También él se fijó en la pequeña depresión del terreno que había junto a la tumba del jefe; la estuvo mirando un rato breve y luego me dijo:
—Aquí cavó usted, ¿verdad?
—Sí —asentí yo.
—¿Aquí estaba el testamento?
—El testamento y otras cosas.
—¿Qué otras cosas?
—No lo se aún; pero lo sabré luego. Le ruego que me preste su azadón para cavar aquí.
—¿Es que entonces cree usted que no se sacó todo lo que había?
—Estoy convencido de ello.
Sus ojos relampaguearon, y con voz alterada exclamó:
—¿Y quiere usted que le preste mi azadón para eso? Ni soñarlo. Seremos nosotros dos quienes cavemos.
Corrió al lugar donde estaban los azadones, cogió uno, dio el otro a su hermano y le dijo:
—¡Levántate y no gimotees, cobarde! Ya has oído que aún queda algo que sacar, probablemente algo de mucho valor. ¡Anda, a trabajar!
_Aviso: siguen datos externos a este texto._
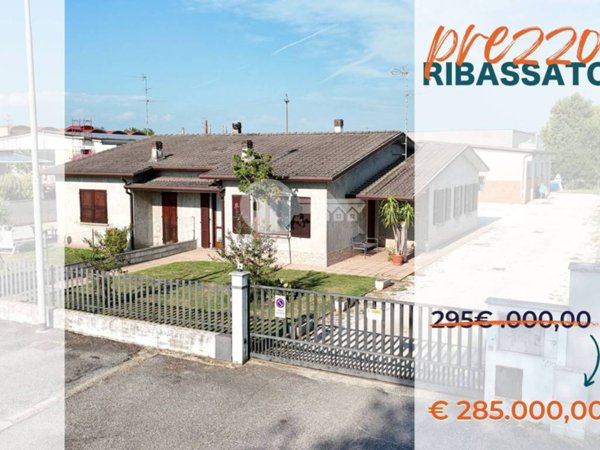 casa indipendente in vendita a Borgo San Giacomo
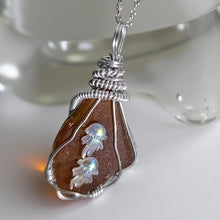 Load image into Gallery viewer, Tidal Transformation - Sea glass - Necklace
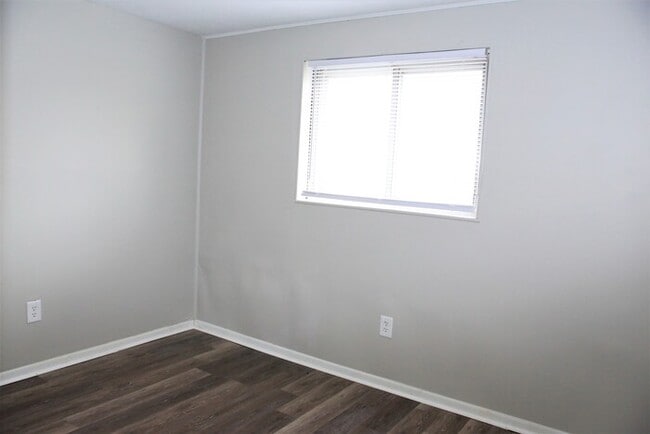Building Photo - 2755 Glenbriar St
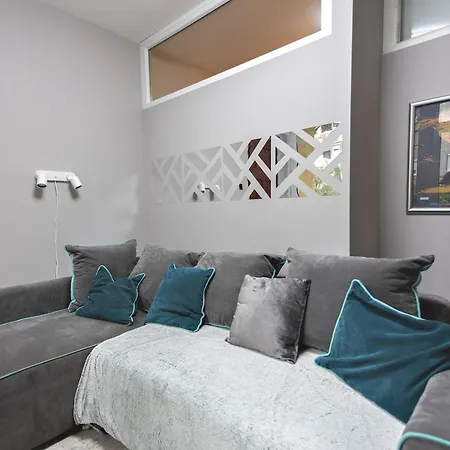 Modern Flat With Balcony&parking * Budapest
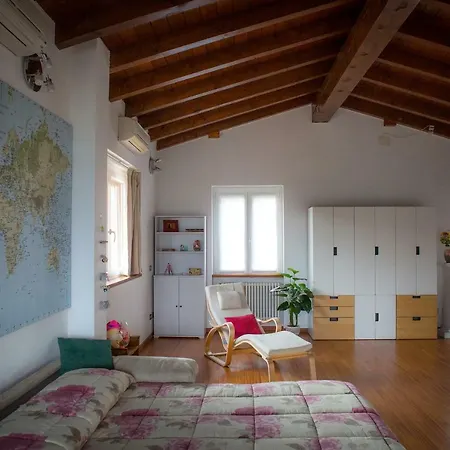 Ubytování v soukromí J&j House Castelmarte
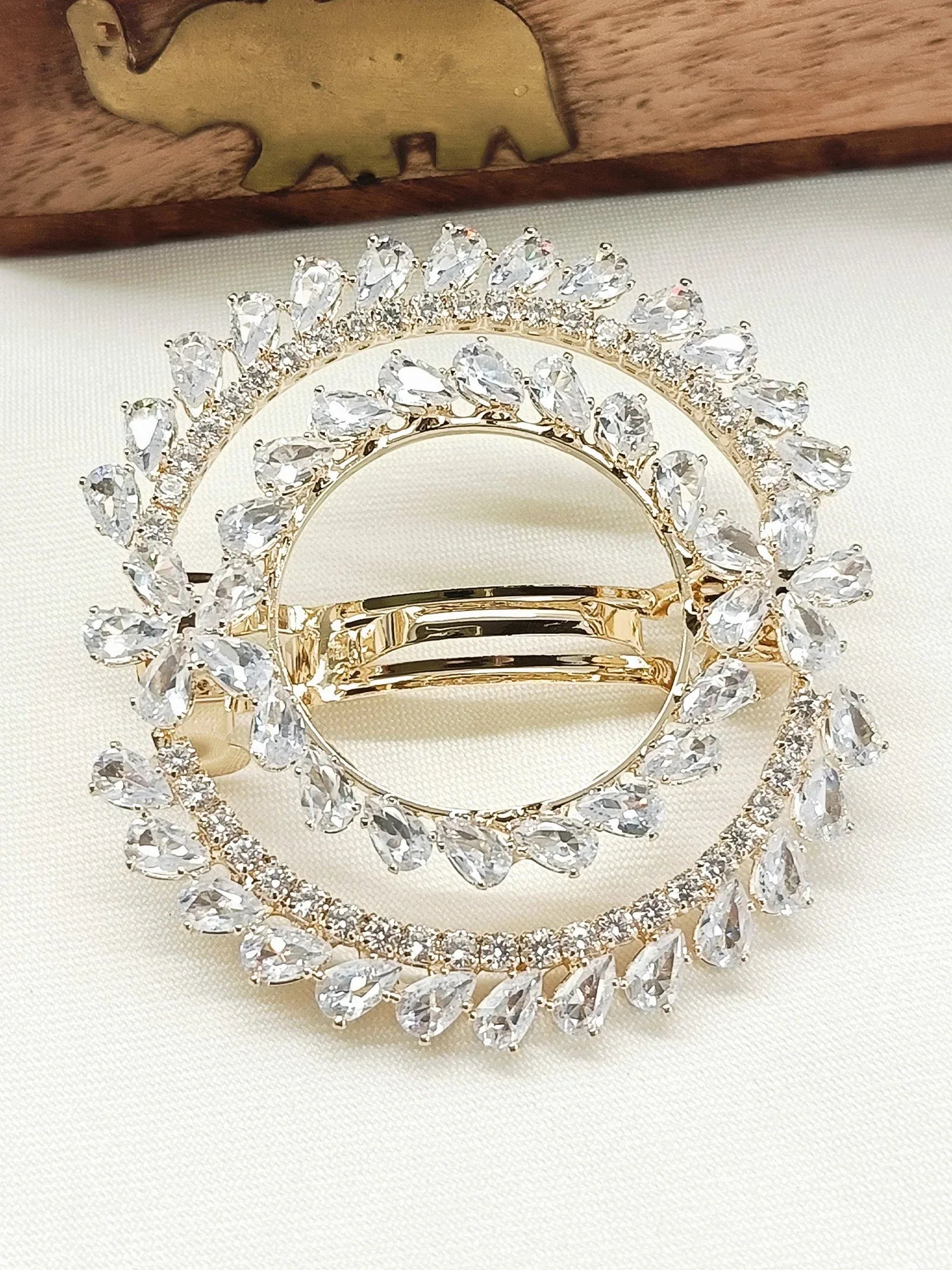 Darika Golden Hair Clip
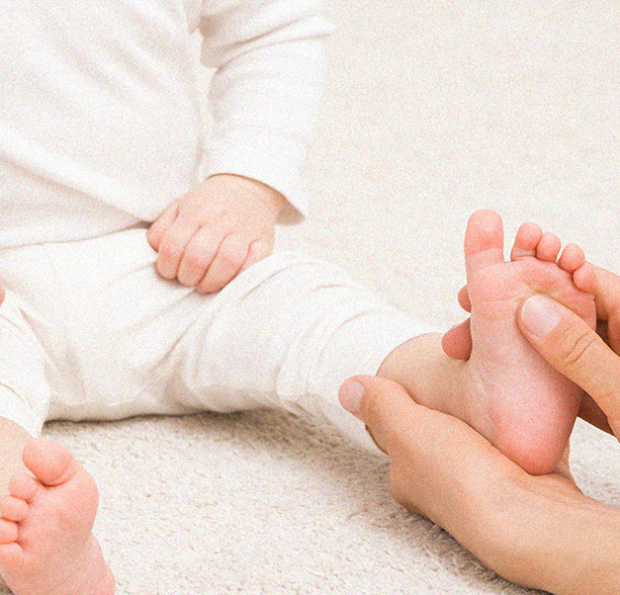 reflexologie-bebe-bourgoin1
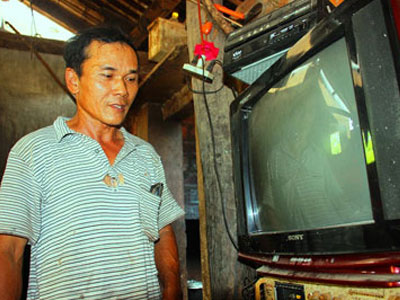 Chưa có điện đã chi tiền triệu sắm ti vi, âm ly...
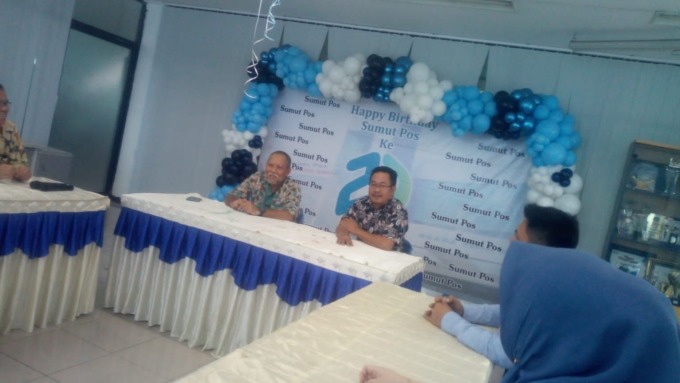 HUT: Regional Head Office Bank BTN Wilayah IV, Muhammad Amin Soleh bersama Direktur Umum Harian Sumut Pos, Pandapotan MT Sialagan di acara syukuran HUT Sumut Pos ke-22 di Medan, Senin (2/10/2023).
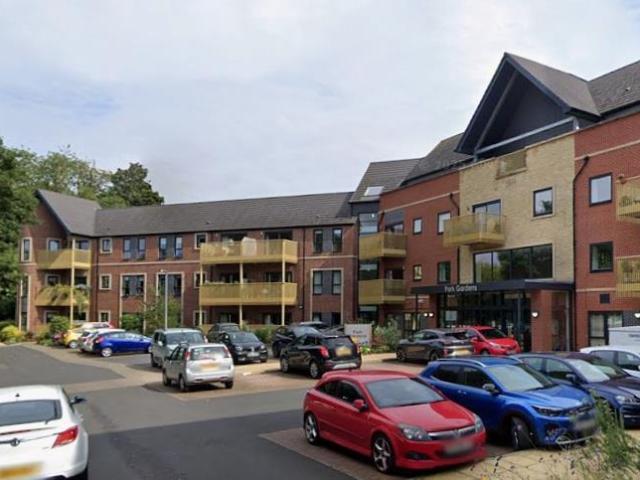 Flat for sale in Evershot, Oxfordshire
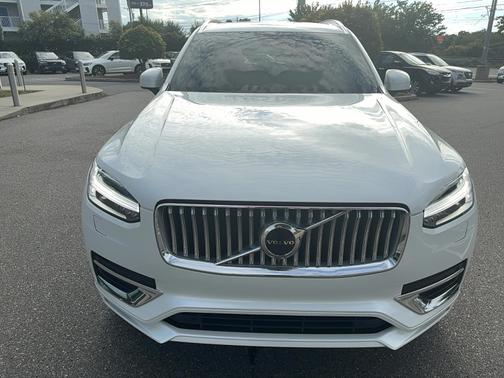 2024 Volvo XC90 B5 Core Bright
Hariman, que estaba sentado en el suelo, con la cabeza hundida entre las manos, rechazó el azadón y dijo:
—¡Déjame en paz! No quiero trabajar en eso. ¡Maldito sea el oro y tu deseo de quitárselo a otro! Eso te va a perder, lo mismo que le ocurrió a él.
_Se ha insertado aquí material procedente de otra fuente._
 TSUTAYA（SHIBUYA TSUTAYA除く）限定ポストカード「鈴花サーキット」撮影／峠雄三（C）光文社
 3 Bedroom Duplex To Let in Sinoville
—Entonces, ¿no quieres ayudarme?
—No. Ya tengo bastante con lo que llevo encima de mi alma.
—¡Maldito cobarde! —rugió Sebulon con desprecio.
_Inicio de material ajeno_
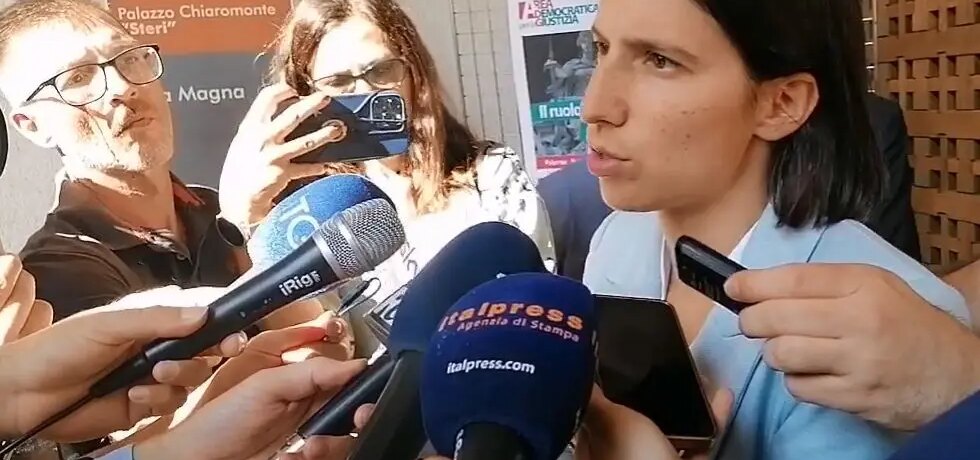 Schlein “C’è bisogno di investimenti sulla sanità, via limiti alle assunzioni”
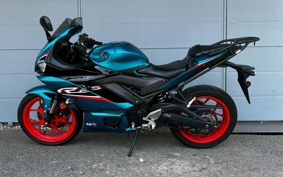YAMAHA YZF-R25 ABS RG43J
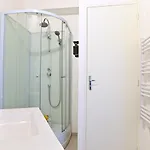Spacieux T2 - Proche Centre - Confort Et Serenite * 圣康坦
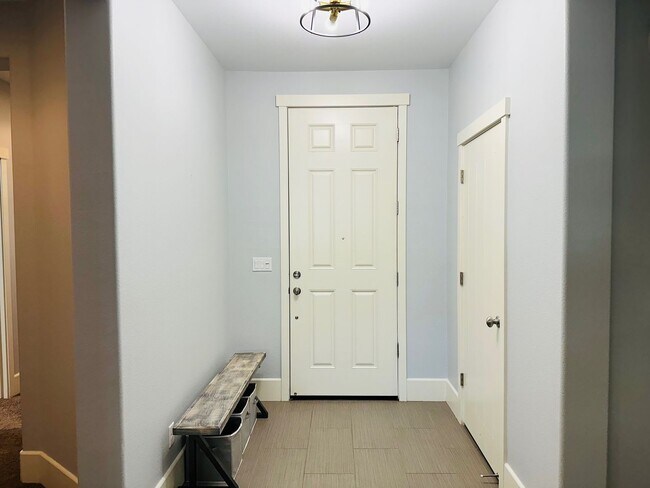 Building Photo - $2,695 Shepherd & DeWolf, 3 Bed - Harlan R...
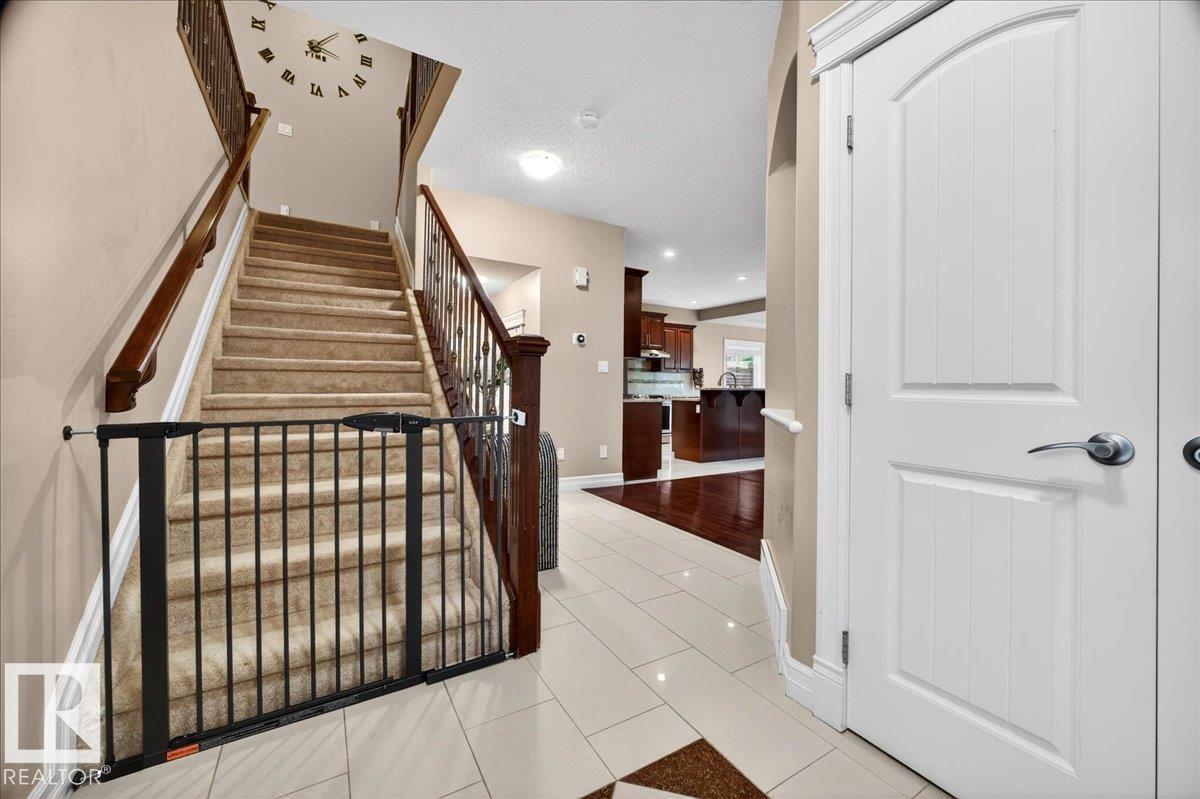 1326 Cunningham Dr SW, Edmonton, Alberta  T6W 0R8 - Photo 16 - E4492518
Entonces Hariman se puso en pie rápidamente, se acercó a su hermano y le dijo colérico:
—¿Quién es más cobarde, tú o yo? Yo tengo ánimos para luchar; tú no. Yo quiero libertarme de este demonio que nos posee, que no tiene piedad de nosotros y que nos exige el crimen o la expiación del de nuestro padre con la muerte. A ti te falta valor para luchar y prefieres el crimen; yo, en cambio, elijo… la muerte. ¿Quién es, repito, el cobarde: tú o yo?
—Yo no elijo el crimen, sino el oro, el oro. Y si no quieres ayudarme, todo será para mí.
Comenzó a cavar con ardor en tanto que Hariman se sentaba de nuevo en el suelo.
Entonces Pappermann se acercó, cogió el otro azadón y dijo:
—Yo le voy a ayudar. Dos hacen más que uno.
Pero Sebulon rechazó vivamente su auxilio diciendo:
—¡Fuera de aquí! No consiento que nadie me ayude.
—Well! Como usted quiera. Yo lo hacía en la creencia de que le había de agradar mi ayuda.
Y diciendo esto tiró el azadón. Sebulon trabajaba de un modo desesperado, como si no tuviera un minuto que perder y su salvación dependiese de ello. El hoyo se iba agrandando y él no hacía más que mirar dentro, sin apartar de allí la vista. El sudor inundaba su frente y sus mejillas.
—Esto es una locura, una verdadera locura —me dijo al oído mi mujer—. Procede como si todo le perteneciese. ¿En qué parará todo esto?
—En nada que sea peligroso para nosotros —respondí en el mismo tono.
—¿Y si encuentra algo?
—Si no es oro o algo que lo valga, lo despreciará.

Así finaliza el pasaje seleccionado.